Go to content

Validation of case-ascertainment algorithms using health administrative data to identify people who inject drugs in Ontario, Canada


Objective — Health administrative data can be used to improve the health of people who inject drugs by informing public health surveillance and program planning, monitoring, and evaluation. However, methodological gaps in the use of these data persist due to challenges in accurately identifying injection drug use at the population level. In this study, we validated case-ascertainment algorithms for identifying people who inject drugs using health administrative data in Ontario, Canada.

Study Design and Setting — Data from cohorts of people with recent (past 12 month) injection drug use, including those participating in community-based research studies or seeking drug treatment were linked to health administrative data in Ontario from 1992–2020. We assessed the validity of algorithms to identify injection drug use over varying lookback periods (i.e., all years of data [1992 onwards] or within the past 1-5 years), including inpatient and outpatient physician billing claims for drug use, emergency department visits or hospitalizations for drug use or injection-related infections, and opioid agonist treatment (OAT).

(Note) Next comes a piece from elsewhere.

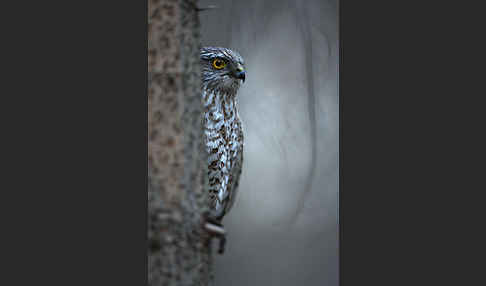 Sperber (Accipiter nisus)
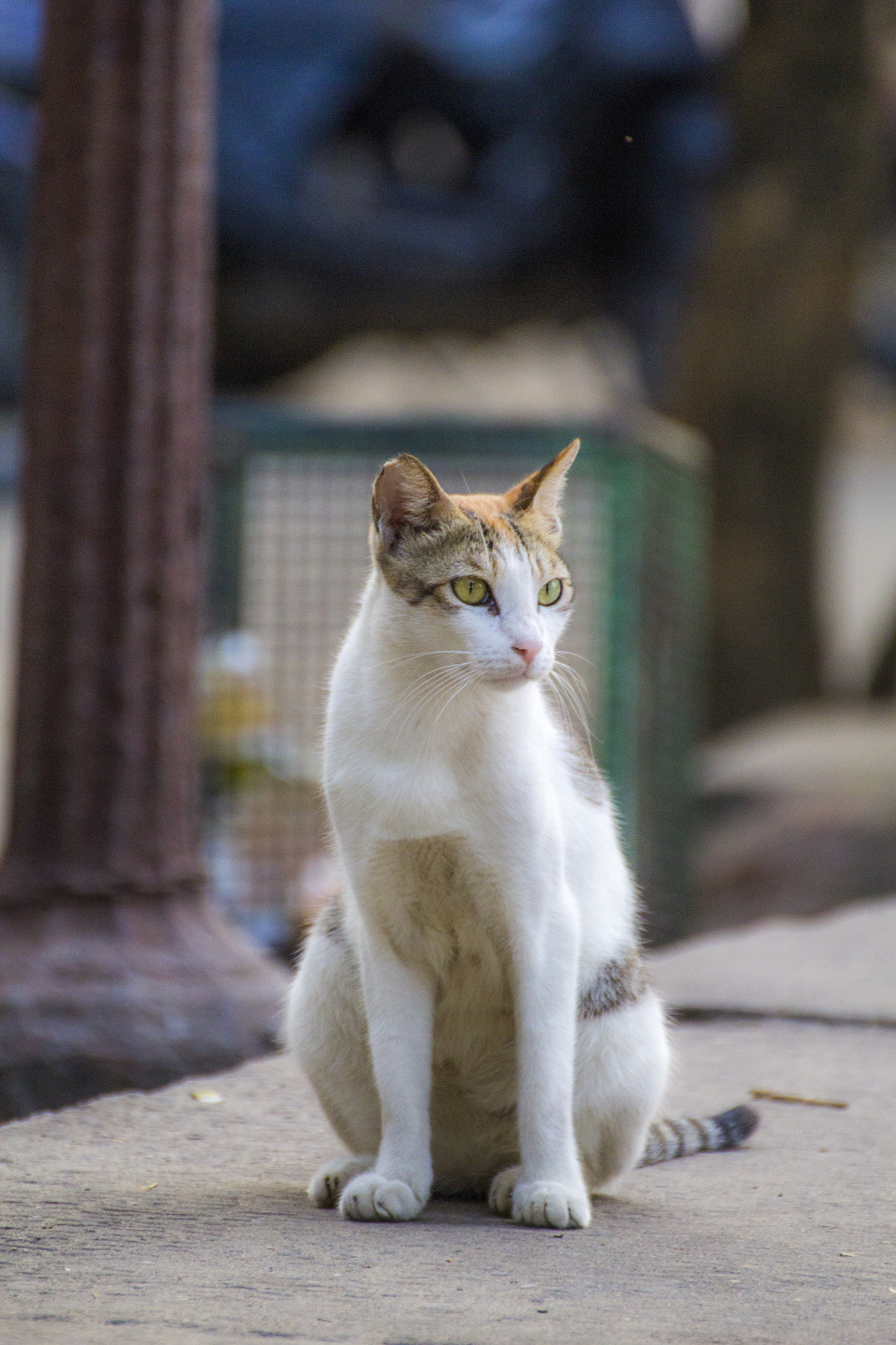 Canon EOS 60D + Tamron SP 35mm F1.8 Di VC USD sample photo. Indian domestic cat photography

Results — Algorithms were validated using data from 15,241 people with recent IDU (918 in community cohorts, 14,323 seeking drug treatment). An algorithm consisting of ≥1 physician visit, emergency department visit or hospitalization for drug use, or OAT record could effectively identify IDU history (91.6% sensitivity, 94.2% specificity) and recent IDU (using 3 years lookback: 80.4% sensitivity, 99% specificity) among community cohorts. Algorithms were generally more sensitive among people who inject drugs seeking drug treatment.

Conclusion — Validated algorithms using health administrative data performed well in identifying people who inject drugs. Despite high sensitivity and specificity, the positive predictive value of these algorithms will vary depending on the underlying prevalence of injection drug use in the population in which they are applied.



Greenwald ZR, Werb D, Feld JJ, Austin PC, Fridman D, Bayoumi AM, Gomes T, Kendall CE, Lapointe-Shaw L, Scheim AI, Bartlett SR, Benchimol EI, Bouck Z, Boucher LM, Greenaway C, Janjua NZ, Leece P, Wong WWL, Sander B, Kwong JC. J Clin Epidemiol. 2024; Mar 22 [Epub ahead of print].